To answer Al's rephrased question or Bruces's origional, I'll give the example of the speakers I'm working with lately. The midwoofer is an inexpensive 5" that has a fairly nasty and fairly normal breakup around 5KHz and rolls off rapidly after that. The design I'm using it in is basically a flat baffle MTM (+++) with a low crossover point of about 1500 Hz. BSC is handled separately, but we won't get into that because that gets complex. The low pass is a first order (electrical) with an inductor.

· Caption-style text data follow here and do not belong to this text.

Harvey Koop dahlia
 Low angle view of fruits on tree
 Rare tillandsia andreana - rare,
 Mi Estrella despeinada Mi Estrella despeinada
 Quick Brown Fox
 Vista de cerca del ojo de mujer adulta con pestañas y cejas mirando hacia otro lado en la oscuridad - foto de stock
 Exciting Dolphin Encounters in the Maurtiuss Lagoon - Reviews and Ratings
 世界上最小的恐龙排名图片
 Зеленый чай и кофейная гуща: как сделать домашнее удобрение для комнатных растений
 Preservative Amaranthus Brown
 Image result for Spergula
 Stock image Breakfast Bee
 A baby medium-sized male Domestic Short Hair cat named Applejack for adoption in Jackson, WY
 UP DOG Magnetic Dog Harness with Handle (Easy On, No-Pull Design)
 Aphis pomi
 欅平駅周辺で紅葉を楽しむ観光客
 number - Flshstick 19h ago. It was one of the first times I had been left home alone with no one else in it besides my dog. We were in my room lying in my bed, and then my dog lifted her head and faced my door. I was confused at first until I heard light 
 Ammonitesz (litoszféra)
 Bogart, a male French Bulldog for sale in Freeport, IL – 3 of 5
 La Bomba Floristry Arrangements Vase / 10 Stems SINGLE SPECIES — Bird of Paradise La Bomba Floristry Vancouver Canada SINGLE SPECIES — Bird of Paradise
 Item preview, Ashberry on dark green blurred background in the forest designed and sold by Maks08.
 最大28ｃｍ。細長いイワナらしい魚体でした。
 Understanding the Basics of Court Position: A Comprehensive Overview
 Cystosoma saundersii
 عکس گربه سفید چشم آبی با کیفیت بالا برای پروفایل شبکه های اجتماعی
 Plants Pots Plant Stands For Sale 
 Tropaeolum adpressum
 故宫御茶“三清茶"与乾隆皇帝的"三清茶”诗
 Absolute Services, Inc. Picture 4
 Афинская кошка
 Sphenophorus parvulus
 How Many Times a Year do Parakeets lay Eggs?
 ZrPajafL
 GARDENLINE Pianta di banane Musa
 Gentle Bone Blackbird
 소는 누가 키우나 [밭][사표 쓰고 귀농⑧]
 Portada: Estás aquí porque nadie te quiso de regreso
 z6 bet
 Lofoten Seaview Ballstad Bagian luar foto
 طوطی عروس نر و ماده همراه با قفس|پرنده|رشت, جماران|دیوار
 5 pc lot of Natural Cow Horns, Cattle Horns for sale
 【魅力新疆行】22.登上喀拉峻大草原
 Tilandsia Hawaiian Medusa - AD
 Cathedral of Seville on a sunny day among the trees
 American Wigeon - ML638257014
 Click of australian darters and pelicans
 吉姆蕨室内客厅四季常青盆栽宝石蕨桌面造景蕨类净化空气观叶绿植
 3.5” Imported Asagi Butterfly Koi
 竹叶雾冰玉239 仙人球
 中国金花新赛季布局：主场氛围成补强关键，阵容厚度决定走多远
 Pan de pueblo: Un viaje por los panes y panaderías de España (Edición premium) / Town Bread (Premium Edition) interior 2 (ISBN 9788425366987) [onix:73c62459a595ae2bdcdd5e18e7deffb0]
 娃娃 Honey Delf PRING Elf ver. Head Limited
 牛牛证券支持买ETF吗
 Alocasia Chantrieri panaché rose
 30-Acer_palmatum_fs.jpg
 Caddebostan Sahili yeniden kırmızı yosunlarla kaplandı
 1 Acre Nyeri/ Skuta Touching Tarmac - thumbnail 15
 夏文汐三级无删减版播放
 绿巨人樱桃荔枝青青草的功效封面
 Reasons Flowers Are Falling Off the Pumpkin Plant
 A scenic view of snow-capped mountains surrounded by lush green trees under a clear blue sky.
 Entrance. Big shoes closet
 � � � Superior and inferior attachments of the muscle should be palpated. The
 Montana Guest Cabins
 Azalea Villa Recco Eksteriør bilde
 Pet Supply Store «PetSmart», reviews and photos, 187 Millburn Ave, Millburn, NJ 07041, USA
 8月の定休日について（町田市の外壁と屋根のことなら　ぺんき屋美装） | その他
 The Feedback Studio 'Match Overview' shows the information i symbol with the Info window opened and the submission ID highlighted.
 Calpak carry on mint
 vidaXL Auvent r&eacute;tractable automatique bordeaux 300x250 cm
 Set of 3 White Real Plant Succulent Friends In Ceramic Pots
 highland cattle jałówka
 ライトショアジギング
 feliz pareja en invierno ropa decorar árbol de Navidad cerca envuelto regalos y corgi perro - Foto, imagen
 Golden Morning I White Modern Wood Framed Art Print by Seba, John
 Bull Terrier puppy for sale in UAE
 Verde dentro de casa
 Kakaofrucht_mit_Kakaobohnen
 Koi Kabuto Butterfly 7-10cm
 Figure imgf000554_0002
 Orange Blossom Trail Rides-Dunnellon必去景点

By itself, no crossover, the woofer shows 30 degrees of phase shift by 1500 Hz even though it is nowhere close to rolling off. With the crossover, it's 120 degrees at the same point and nearly 180 degrees by 3000 Hz. It's the combined acoustic slope that matters and that's measured in Hz and dB. Phase is along for the ride.
Things get a bit more complicated. To attenuate the cone breakup 5K, which would still be audible, I added a "tweeked" Zobel. By that, I mean I oversized the cap and undersized the resistor so that it falls somewhere between a filter and impedance compensation. It also comes in handy to get phase dialed in. Tried but couldn't get a notch filter to work well in this case. Got it about 20 dB down.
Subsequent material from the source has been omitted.